“Sergei Grigorievitch!” gasped Irene.

“Well? You think that is not a drawing-room expression? Very well—I take it back, and I beg your pardon—but it expresses my idea excellently. However, don’t let us continue the conversation; it is time to go to bed. Here we are at your door. I wish you a good night!”


XXI

Gzhatski’s good wish, however, was not destined to be fulfilled. Was it the music or the black coffee that was to blame? It is difficult to say. But however it may be, Irene found it impossible to go to sleep. She tried drinking sugared water, applied cold compresses to her head, turned from side to side, got up and paced the room, opened the window—all in vain, for sleep obstinately refused to answer her call. At last, towards four o’clock in the morning, she threw on her dressing-gown, sat down on the sofa with a book, and hoped to fall asleep with the dawn, as frequently happened to her after a wakeful night.

Even the book, however, failed to interest her—her excited brain refusing to follow the tangled thread of the sugary English novel. Leaving the heroine to drink a twentieth cup of tea on the lawn in company with the hero, who had just won a set of tennis, Irene threw down the book and lost herself in her own thoughts. Russia, her departure from Petrograd, her first impressions of Rome, Père Etienne, her meeting with Gzhatski—all this and many other confused recollections passed through her mind.

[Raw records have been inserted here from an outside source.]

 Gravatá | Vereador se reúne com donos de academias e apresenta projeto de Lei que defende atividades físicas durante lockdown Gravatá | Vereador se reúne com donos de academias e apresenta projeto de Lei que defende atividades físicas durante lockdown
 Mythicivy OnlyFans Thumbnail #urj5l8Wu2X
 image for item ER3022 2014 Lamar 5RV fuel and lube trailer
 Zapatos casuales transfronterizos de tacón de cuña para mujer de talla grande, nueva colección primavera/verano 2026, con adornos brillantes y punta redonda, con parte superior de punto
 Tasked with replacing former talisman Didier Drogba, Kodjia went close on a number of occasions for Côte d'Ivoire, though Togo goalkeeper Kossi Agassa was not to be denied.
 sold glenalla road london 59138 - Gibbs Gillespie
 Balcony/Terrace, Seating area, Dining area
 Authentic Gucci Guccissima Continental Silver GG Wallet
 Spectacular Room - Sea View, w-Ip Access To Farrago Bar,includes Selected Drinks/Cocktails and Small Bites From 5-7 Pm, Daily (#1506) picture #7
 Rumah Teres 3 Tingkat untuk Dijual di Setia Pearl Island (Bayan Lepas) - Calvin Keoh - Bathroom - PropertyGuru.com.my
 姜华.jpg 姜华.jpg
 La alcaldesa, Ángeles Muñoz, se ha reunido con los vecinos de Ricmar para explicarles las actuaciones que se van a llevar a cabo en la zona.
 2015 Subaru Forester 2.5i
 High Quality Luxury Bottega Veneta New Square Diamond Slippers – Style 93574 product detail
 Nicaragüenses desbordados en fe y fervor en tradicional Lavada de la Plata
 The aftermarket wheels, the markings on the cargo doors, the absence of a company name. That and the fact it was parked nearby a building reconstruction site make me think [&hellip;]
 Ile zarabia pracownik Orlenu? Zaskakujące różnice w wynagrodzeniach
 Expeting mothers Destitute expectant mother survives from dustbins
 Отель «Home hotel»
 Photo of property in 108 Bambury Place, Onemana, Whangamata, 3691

“How unexpectedly everything has arranged itself,” she thought, with a quiet smile. “How foolish we all are when we make plans, and arrange and fuss and worry, and seriously imagine we can direct our own destinies! God does everything in His own way, and always for the best, since our needs and our characters are far better known to Him than to ourselves. There was I, for instance, imagining that I had nothing more to live for, and, suddenly, God sent me so incomparable a lover, so immense a happiness. In my fairest dreams, I had never seen so ideal a husband—so handsome, so clever, so good, so noble. What a contrast, indeed, between him and the worthless Petrograd officials, with their vulgar ambitions, their greed for money, and their mean and petty spites and jealousies! My noble Sergei! You are like the sun, in comparison to those worms!

“And he has such high ideals!” continued Irene dreamily to herself. “How severely he judged that unhappy woman! A little too severely perhaps, but that only proves how seriously he looks upon love. Oh! my dear one, my dear one!

“All the priests were wrong when they found my faith pagan. I knew I was right! God wanted to try me with long and dark years of despair and suffering, but finding that I was not embittered, and that I had remained, in spite of everything, honest and good, He has sent me this wonderful happiness as a reward. My faith was the right one, my God has triumphed!”